More disturbing is her advocacy of allowing insurers to sell policies across state lines.
This is a "reform" the insurance industry has been after for years, because it would allow them to evade the more stringent regulations of some states by selling all their policies out of states with hands-off regulators.
For a clue to how this works, notice how credit card companies issue their cards from banks in places like South Dakota and Nevada, which have no usury limits, rather than, say, California, where the cap is 10%. But even Californians can't sign up for a card issued in California, so we're stuck with the South Dakota sky's-the-limit variety.
Cross-state health insurance wouldn't affect Fiorina, because as she acknowledged Wednesday, she gets her medical care through her husband's AT&T; retirement plan.
Therefore it's my duty to explain to her what would happen if she were an average person who lost that AT&T; coverage and had to replace it in an individual market where the insurers could sell it to her on their own terms, subject to the rules of the most lenient and consumer-unfriendly states: As a cancer survivor, she'd be uninsurable.

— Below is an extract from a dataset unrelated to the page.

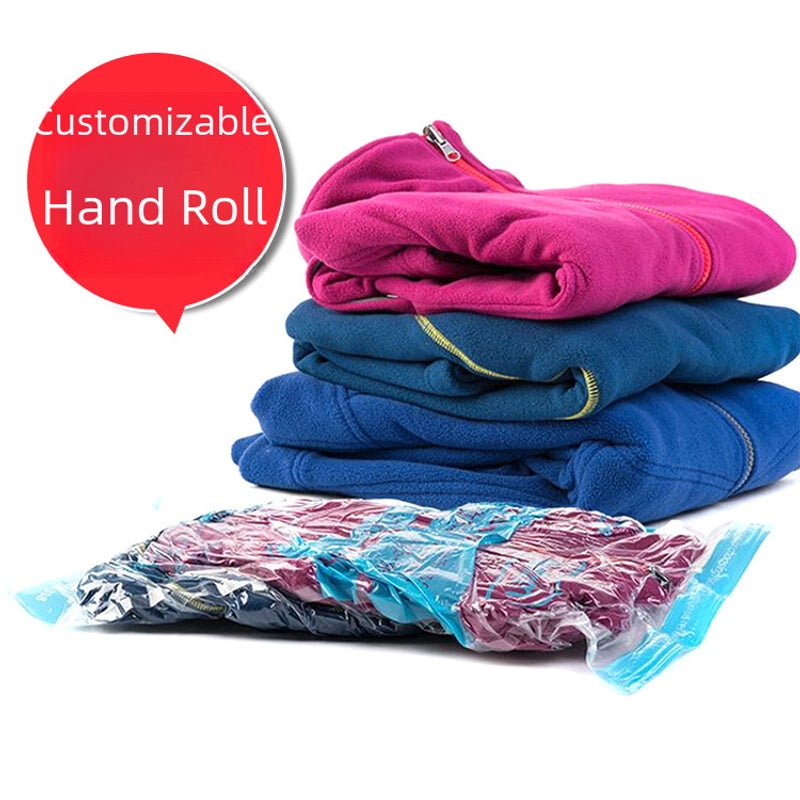 Travel Hand-rolled Vacuum Compression Bag Clothing Storage Bag Printed Portable Finishing Bag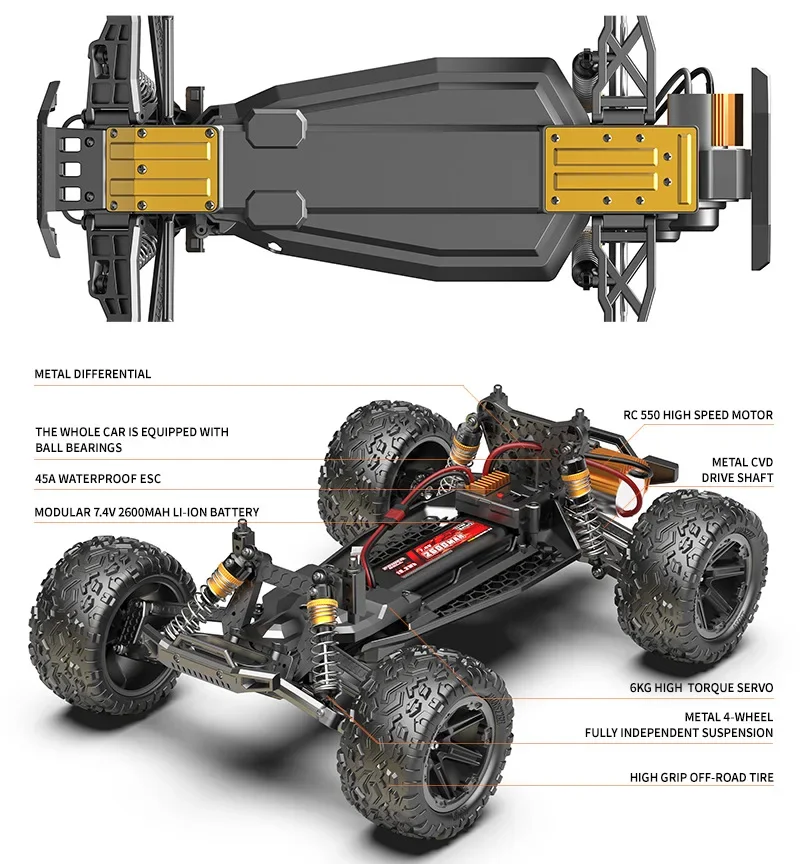 Upgrade Large Size 1:8 Drift Remote Conrol Car 2.4G 60KM/H High Speed RC Racing Car 46CM Large Size Super Shock Absorber Toy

Fiorina doesn't really have to worry about that, because her $40-million walkaway package from Hewlett-Packard enables her to be her own health insurer, if need be.
But what about the rest of us? The common theme of ex-CEOs like Fiorina when they run for office is that their opponents are insensitive to the needs of business because they never had to meet a payroll. But entitled CEOs who haven't had to live a normal middle-class or working-class life for years are as much of a scourge.
Fiorina clearly plans to use her experience with cancer in the campaign ("After chemotherapy, Barbara Boxer just isn't really that scary anymore," she said Wednesday). But she didn't display much empathy for patients whose main problem might not be that their doctors don't communicate with one another (this is one of Fiorina's preoccupations), but that they don't have access to any doctors, because they can't get insurance.
So here's the tally thus far on Fiorina the candidate: Business celebrity with an equivocal record, cancer survivor with a secure employer-sponsored health plan, "problem-solving" candidate spouting ancient Republican nostrums. I can hardly contain my excitement.